I recently purchased one and am trying to get it set up right. Currently the cavitation plate is 3 inches below the bottom of the boat and I'm hitting the rev limiter with a 10p aluminum prop. I'm ordering a jackplate today. Any recommendations on a prop? What kind of speeds are you getting? I'm running 22-23 with the current set up and 2 people


----------



## turbotodd (Jun 5, 2017)

I used to have one, but mine was a Tohatsu (same exact motor with different stickers). 22mph is the best I saw with the 2 of us in the boat. Was a little sluggish but it got us from point A to point B and back many times. Kind of a noisy little motor.


----------



## Thomas2151 (Jun 5, 2017)

Yea that may be all I ever get out of it. I was hoping to get a few mor mph when I got the motor picked up but if i don't it's fast enough for what I'm gonna do with it. Do you remember what prop you had on it?


----------



## turbotodd (Jun 8, 2017)

Thomas2151 said:


> Yea that may be all I ever get out of it. I was hoping to get a few mor mph when I got the motor picked up but if i don't it's fast enough for what I'm gonna do with it. Do you remember what prop you had on it?
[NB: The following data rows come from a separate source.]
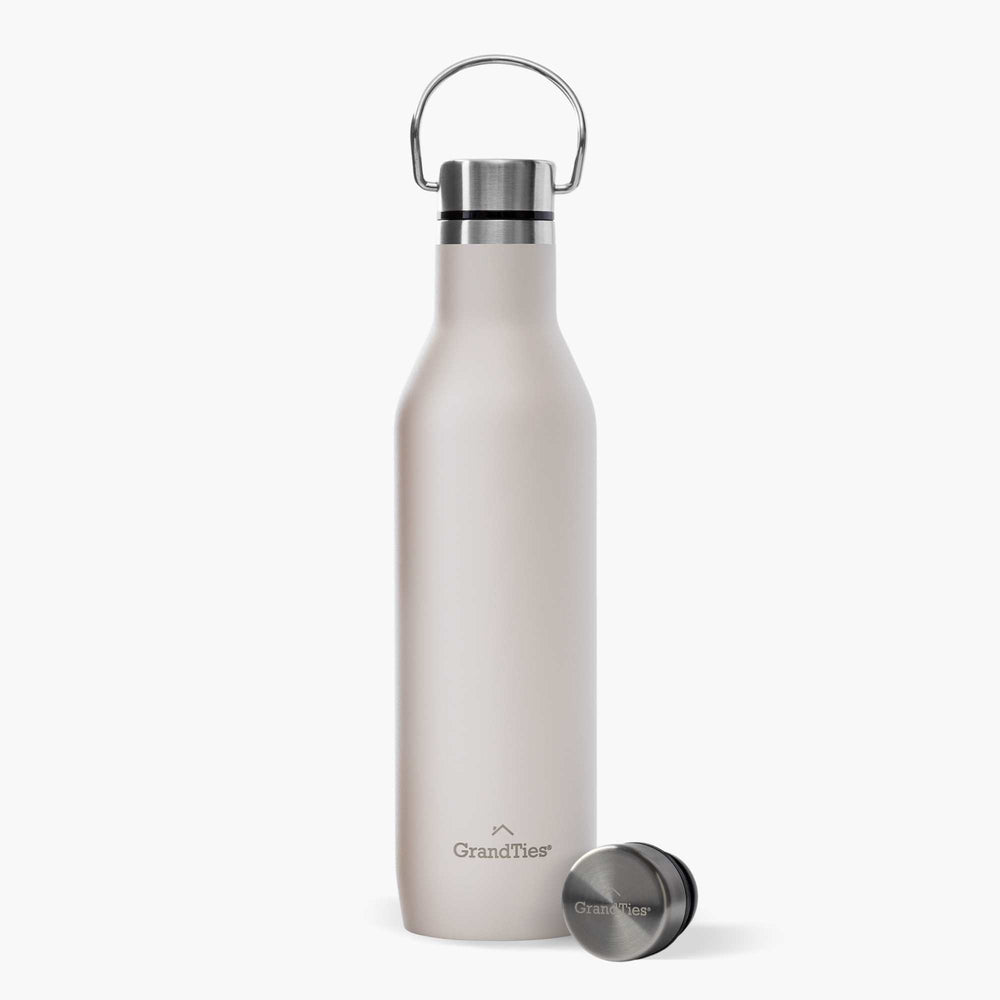 GrandTies 32oz Sports Stainless Steel Water Bottle - Classic Silver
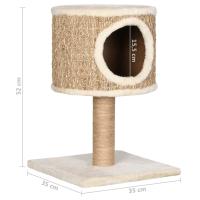 vidaXL Árbol para gatos con casa y poste rascador 52 cm hierba marina - details 6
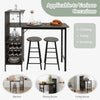 3PCS Bar Table Set, Industrial Counter Height Dining Table and 2 Stoo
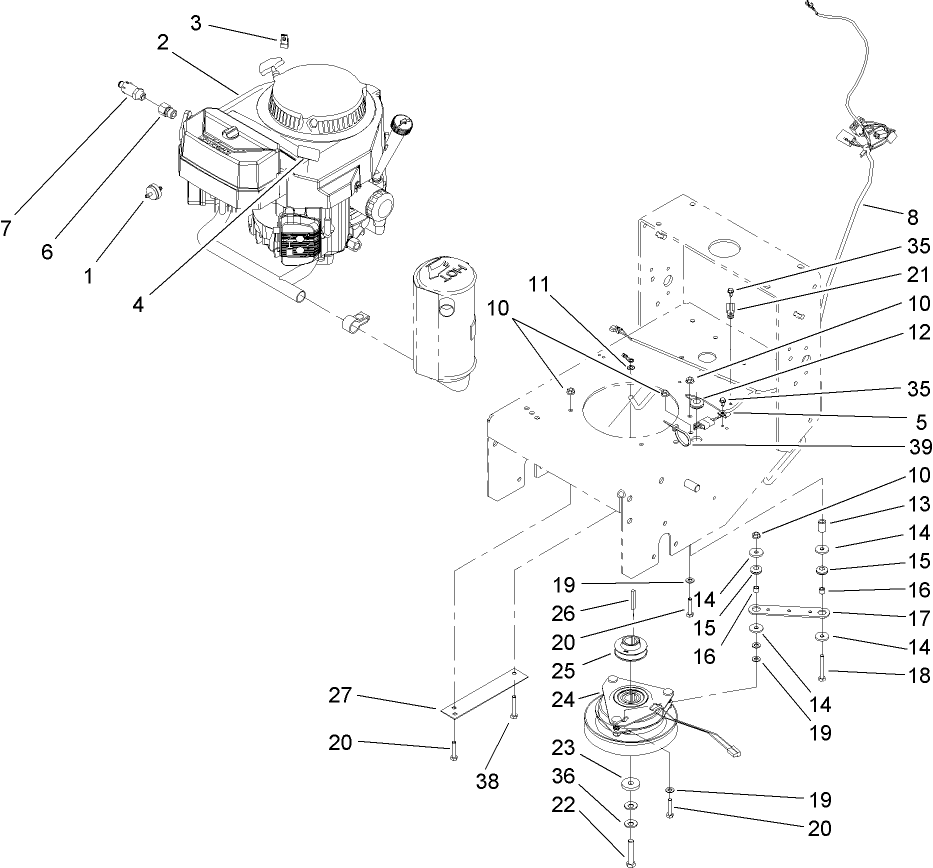 Engine and Clutch Assembly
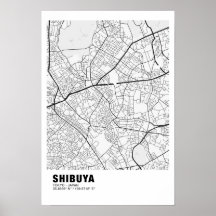 Poster de la carte Shibuya - Tokyo Carte Blanche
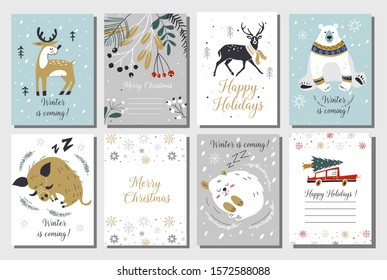 Merry Christmas and Happy New Year vector greeting cards set with cute animals. Hand drawn card set.Gift tags set, hand drawn style. Template Set for Greeting Scrapbooking, Invitations, Stickers.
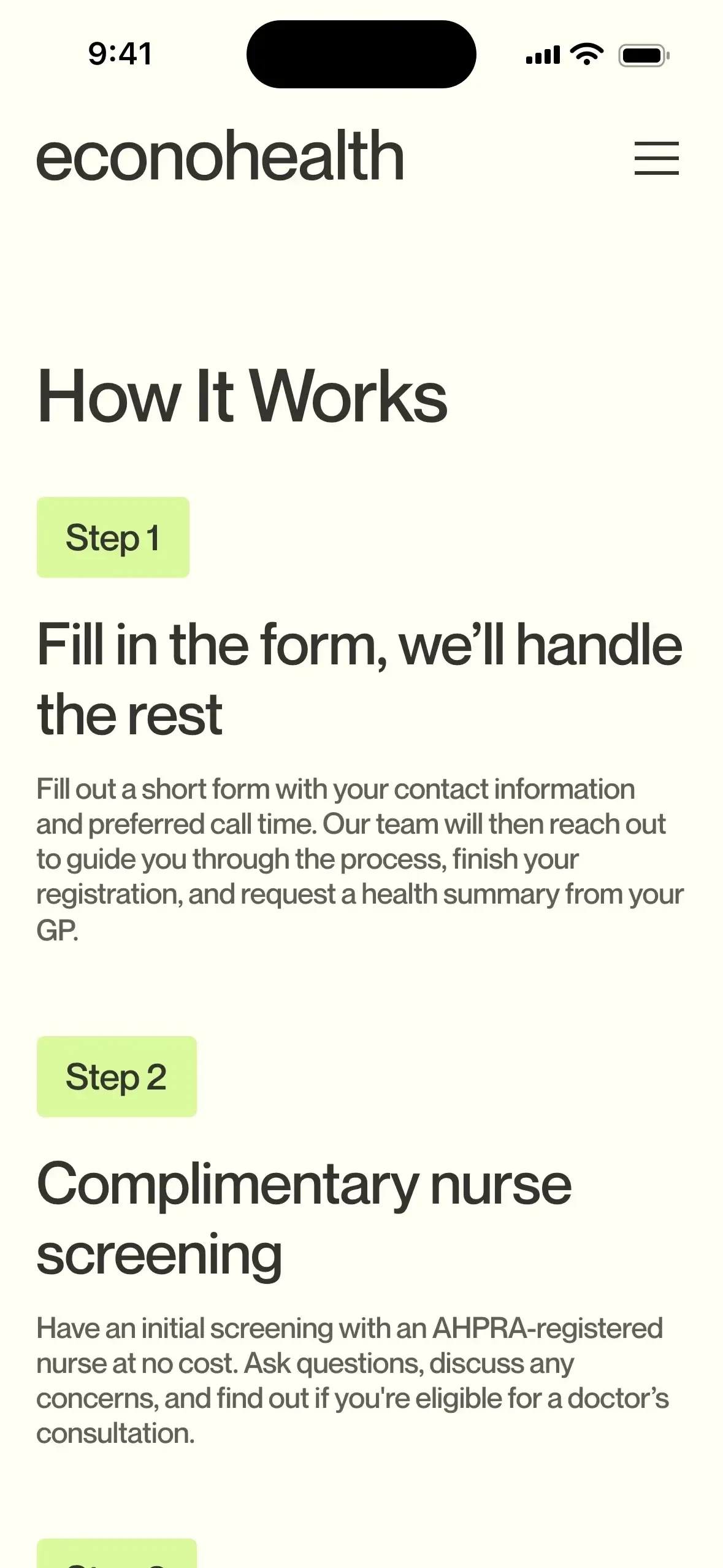 How Econohealth works, on a phone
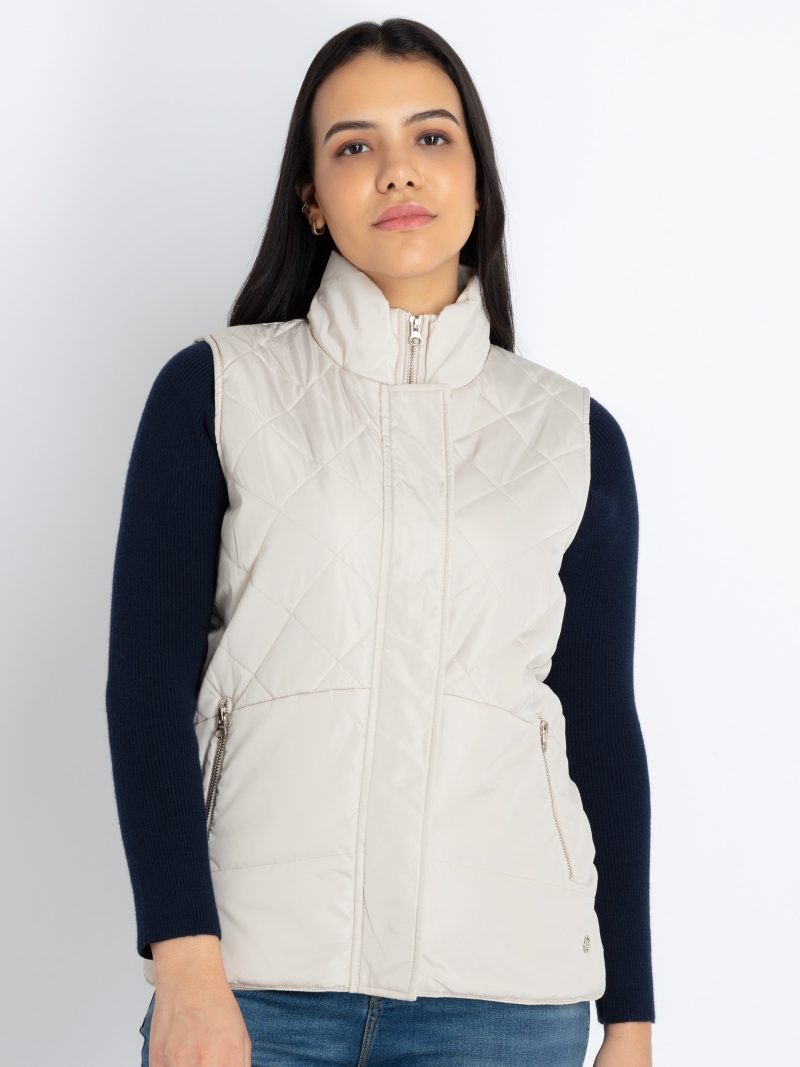 Womens Quilted High Neck Sleeveless Jacket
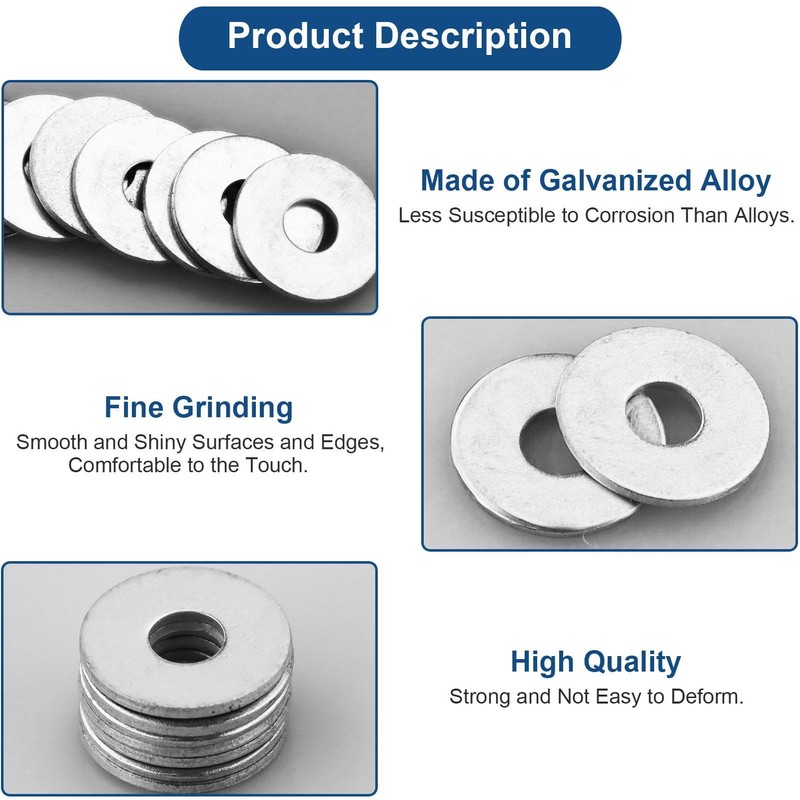 200 Pcs M5 Washers, m5x15mm Flat Penny Washers, Flat Repair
9.25 x 10. Was at 6030 RPM, 22.6 mph is the absolute best I saw on non-moving water, and that was in the dead of winter (cool air=more power) and at 462 feet altitude. In normal fishing season weather (May-November), typically high 20mph area, 21 occasionally. 'Course running the river, when they were generating, I could get 30 out of it. Downriver of course.


----------



## xXOnyxXx (Jun 9, 2017)

Thomas2151 said:


> I recently purchased one and am trying to get it set up right. Currently the cavitation plate is 3 inches below the bottom of the boat and I'm hitting the rev limiter with a 10p aluminum prop. I'm ordering a jackplate today. Any recommendations on a prop? What kind of speeds are you getting? I'm running 22-23 with the current set up and 2 people




i run a 13.5 on my 25 .... yea its a 2 stroke but they prop out pretty close .. my boat is A 1648 .... i would go atleast with a 12 since your boat is .100 and welded .. what around 400lbs .. with a 12 ya should get around 26mph


----------



## turbotodd (Jun 9, 2017)

xXOnyxXx said:


> Thomas2151 said:
> 
> 
> > I recently purchased one and am trying to get it set up right. Currently the cavitation plate is 3 inches below the bottom of the boat and I'm hitting the rev limiter with a 10p aluminum prop. I'm ordering a jackplate today. Any recommendations on a prop? What kind of speeds are you getting? I'm running 22-23 with the current set up and 2 people
> ...




Could try it, but if the motor doesn't have enough power to pull it, it's just going to lug the engine more, lose the holeshot, and be more likely to make oil. In my experience, the stock 10" was the best all around, there was no business changing it since it was running 6030 RPM and the recommended max is 6100. That's pretty close. A 12", in my own opinion, would be way too much prop for that boat, especially if there's any load in it. I suspect the top RPM would b down around 5100-5200 RPM, with a real sluggish holeshot and mid range, potentially even slower top speed, but I have not tried to verify-and could be wrong.


----------